IMF sees dismal growth for SA

Johannesburg – If there was still any doubt that the wheels had come off the economy, it was shattered yesterday by the International Monetary Fund (IMF) cutting its economic growth forecast for South Africa.

The lender slashed its forecast by almost half as commodity prices slump and global demand remains weak.

Gross domestic product (GDP) in South Africa would probably expand by 0.7 percent this year, compared with October’s estimate of 1.3 percent, the IMF said in an update to its World Economic Outlook.

Growth of 0.7 percent would be the third-lowest annual growth recorded post-1994 if it turns out to be true.

Tough environment

Since 1994, the lowest annual growth rates have been 0.1 percent growth in 1998 and a 0.5 percent drop in 2009.

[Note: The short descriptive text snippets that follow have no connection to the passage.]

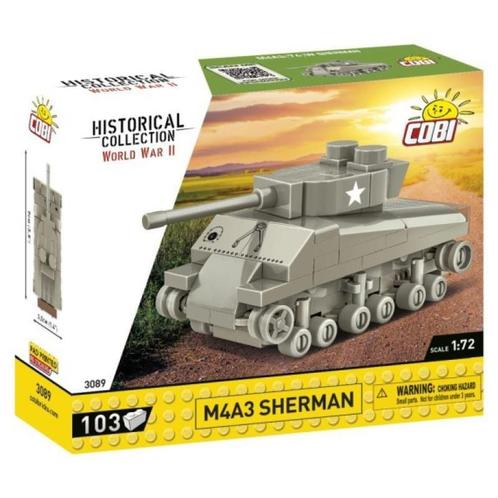 COBI 3089 Sherman M4A3 (Leger bouwsets, Modelbouwsets), Kinderen en Baby's, Speelgoed | Bouwstenen, Nieuw, Verzenden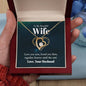 To My Beautiful Wife Forever Love Necklace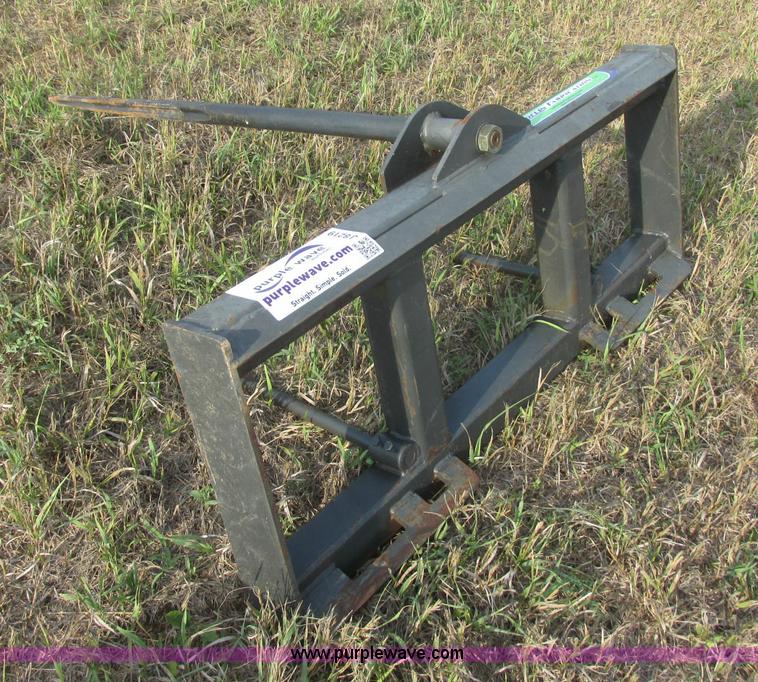 image for item J8219 Bale fork skid steer attachment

The IMF cut its projection for next year by 0.3 percentage points to 1.8 percent.

The National Treasury said in its medium-term budget policy statement in October growth was expected to reach only 1.5 percent in 2015 (previous estimate 2 percent) – the same as in 2014 – and to remain subdued, rising slightly to 1.7 percent this year (previous estimate was 2.4 percent).

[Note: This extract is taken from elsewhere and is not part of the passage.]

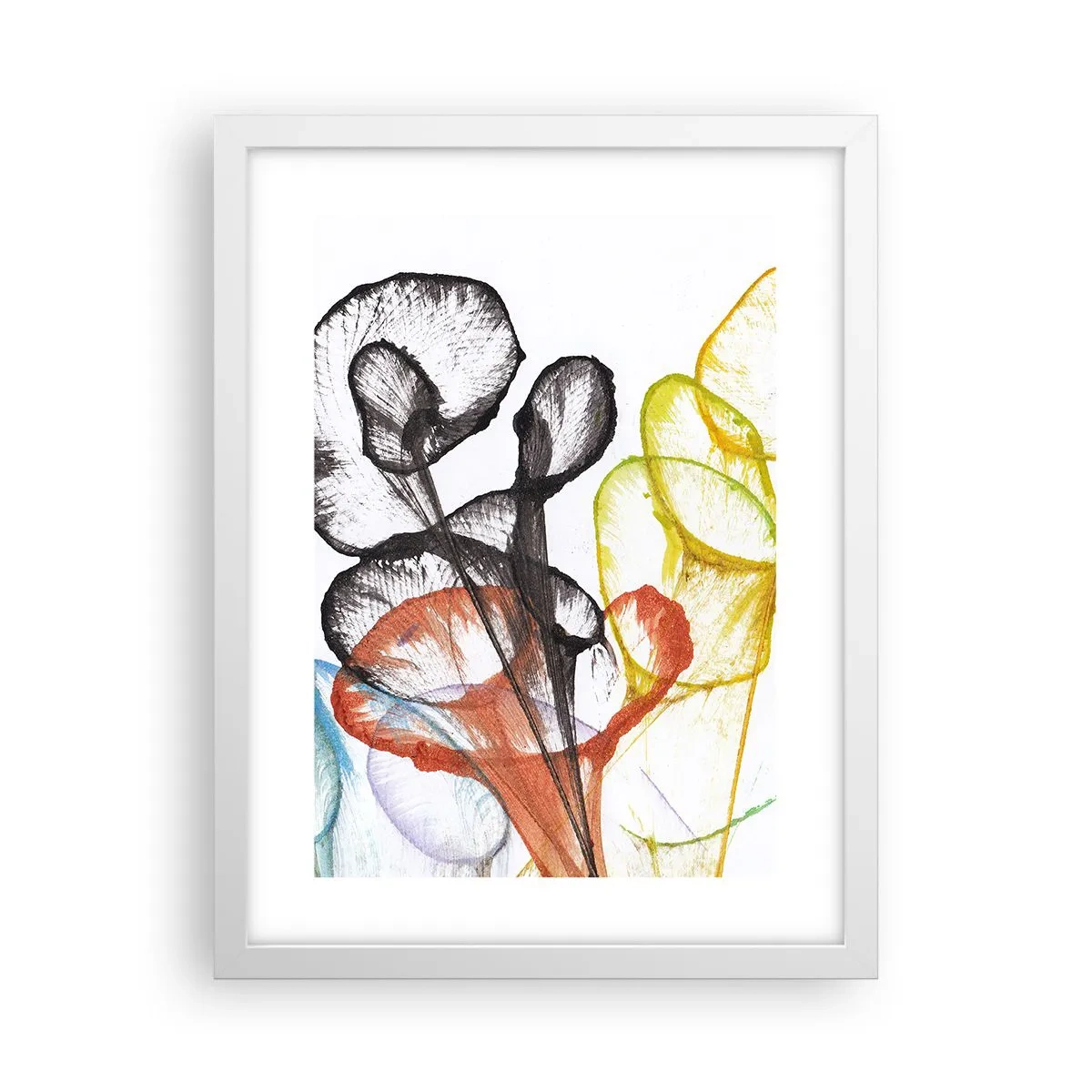 Poster în ramă albă - Flori cu suflete - 30x40 cm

It did not respond to a request for comment yesterday.

South Africa’s economy is struggling to cope with a plunge in metal prices, fuelled by a slowdown in its biggest export market, China.

Barclays Africa cut its 2016 GDP growth forecast for South Africa to 0.9 percent from 1.4 percent on Monday, while Bank of America Merrill Lynch slashed its projection by a full percentage point to 0.4 percent last week.

Finance Minister Pravin Gordhan is expected to present new growth forecasts in his February 24 Budget speech.

Nedbank economist Isaac Matshego said the IMF’s sharp revision of South Africa’s growth to below 1 percent was not unexpected, when considering the less favourable macroeconomic environment, both globally and on the local front.

He said the renewed weakness of commodity prices and drought conditions in key farming areas would hurt mining and agricultural output, while manufacturing output growth would be hurt by close links to the primary sectors.

“We have revised our 2015 growth forecast to only 0.2 percent, with risks still to the downside. Wage negotiations in the mining sector and some manufacturing industries will be closely watched. Any wage dispute-related work stoppages could easily tip the economy into recession.”

Colen Garrow, an economist at Lefika Securities, said it should come as little surprise that the IMF had cut this year’s estimate for GDP growth.

“Although it has not explicitly stated the reasons for doing so, evidence continues to grow of the many challenges facing the local economy.”

He said these ranged from the drought, a strong dollar’s effect on commodity markets to slower growth in China.

Rate threat

Garrow said another factor likely to subtract from South African GDP was the rising trend in interest rates, already 125 basis points higher since January 2014, with the prospect of further tightening to come as the Reserve Bank grapples with rising food prices.

“With the fiscal slippage concerning major credit rating agencies, and the possibility growing that a downgrade to a non-investment grade has a better than even chance of happening this year, it is little surprise that GDP estimates are being trimmed.

“There is a growing expectation… that South African GDP growth may remain subdued, if not begin reflecting a state of recession.”

David Maynier, the DA spokesman on finance, said the IMF’s forecast was a full percentage point lower than that by the Treasury for 2016.

He said the fact that the IMF had revised South Africa’s growth rate was partly due to a failure of economic policy.